◆ **Instructions for the task**:
So that the copy stays text only, transcribe the data below exactly and exclude the images.

Provided data section start

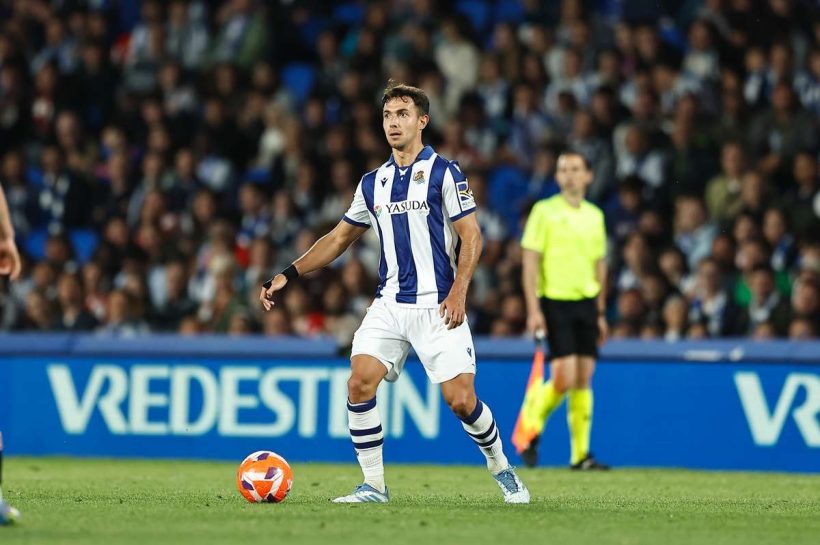 Артета получит укрепление из Испании. Передача уже является предрешенным выводом, сообщает Romano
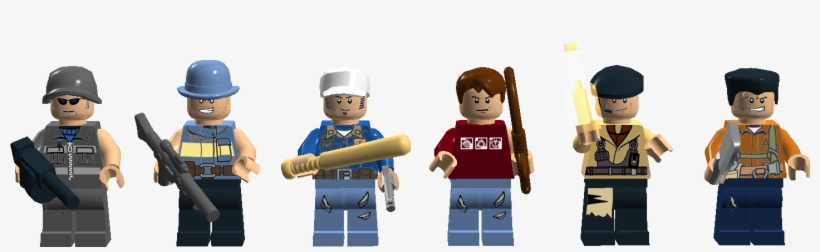 Go To Image - Last Of Us Multiplayer Png, transparent png #424149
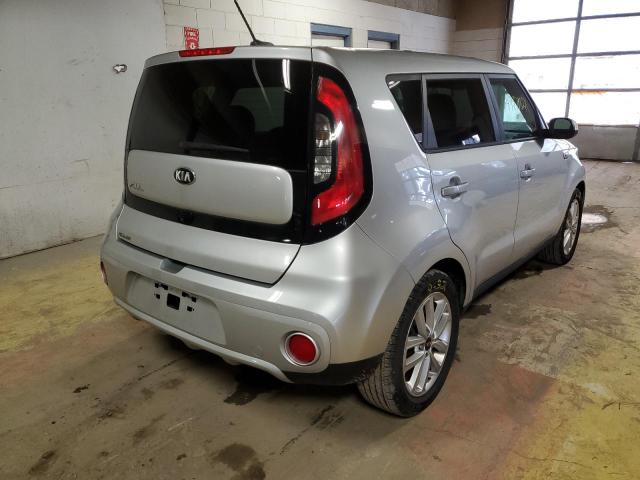 Photo 4 from auction – 2017 KIA SOUL + with VIN KNDJP3A56H7422787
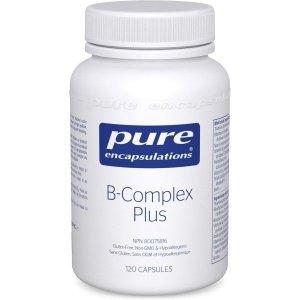 B Complex Plus Pure Encapsulations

Provided data section end

◆ **The answer**:
 Артета получит укрепление из Испании. Передача уже является предрешенным выводом, сообщает Romano
 Go To Image - Last Of Us Multiplayer Png, transparent png #424149
 Photo 4 from auction – 2017 KIA SOUL + with VIN KNDJP3A56H7422787
 B Complex Plus Pure Encapsulations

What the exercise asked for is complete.